More than a week after three Israeli teenagers were kidnapped, observers are focusing on the increasingly strained ties between Hamas, the terror group that is believed to be behind last week’s abduction, and Fatah, the rival faction with whom Hamas entered into a unity agreement last month.
Veteran Arab affairs reporter Avi Issacharoff noted that Hamas involvement in the kidnappings would spell disaster for Palestinian reconciliation efforts – Palestinian President Mahmoud Abbas on Monday publicly condemned the abductions.

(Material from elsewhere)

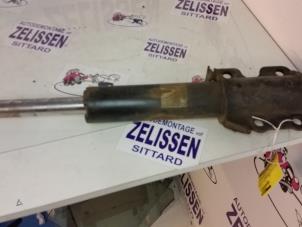 Used Front shock absorber, right Volkswagen LT Price on request offered by Zelissen V.O.F. autodemontage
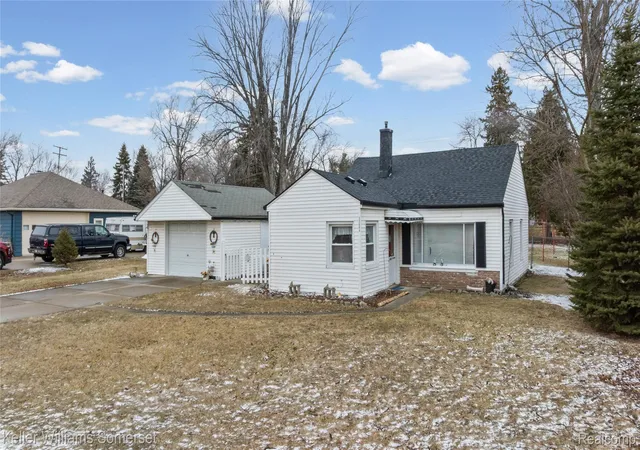 Photo 3 of Single family home for sale at 32694 Ruehle Ave, Warren, MI 48093 | MLS# 20261011472 | Listing updated on 2026-07-28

Issacharoff remarked that top Fatah officials including Abbas have realized they’re being manipulated by Hamas, which has failed to adhere to commitments it made to the Palestinian Authority by among other things continuing to carry out terror attacks:
The change in the Palestinian Authority’s position didn’t take place in a vacuum. The upper echelons of the Fatah movement, and Abbas first and foremost, have realized that Hamas has simply manipulated them: Under the Fatah-Hamas unity pact, it committed to eschewing terrorist attacks but didn’t; agreed to step down from the government of the Gaza Strip but continued to rule it in practice; demanded that Abbas pay the salaries of 40,000 former Hamas bureaucrats and did everything it could to undermine Abbas. This attack was a blow not only to Israel, but also to Abbas and the promises he made to the international community. It painted him in a ludicrous light.
Analysts in early May openly expressed concerns that a unity agreement between the two factions would throw Hamas a badly needed lifeline and provide the organization with a foothold in the West Bank.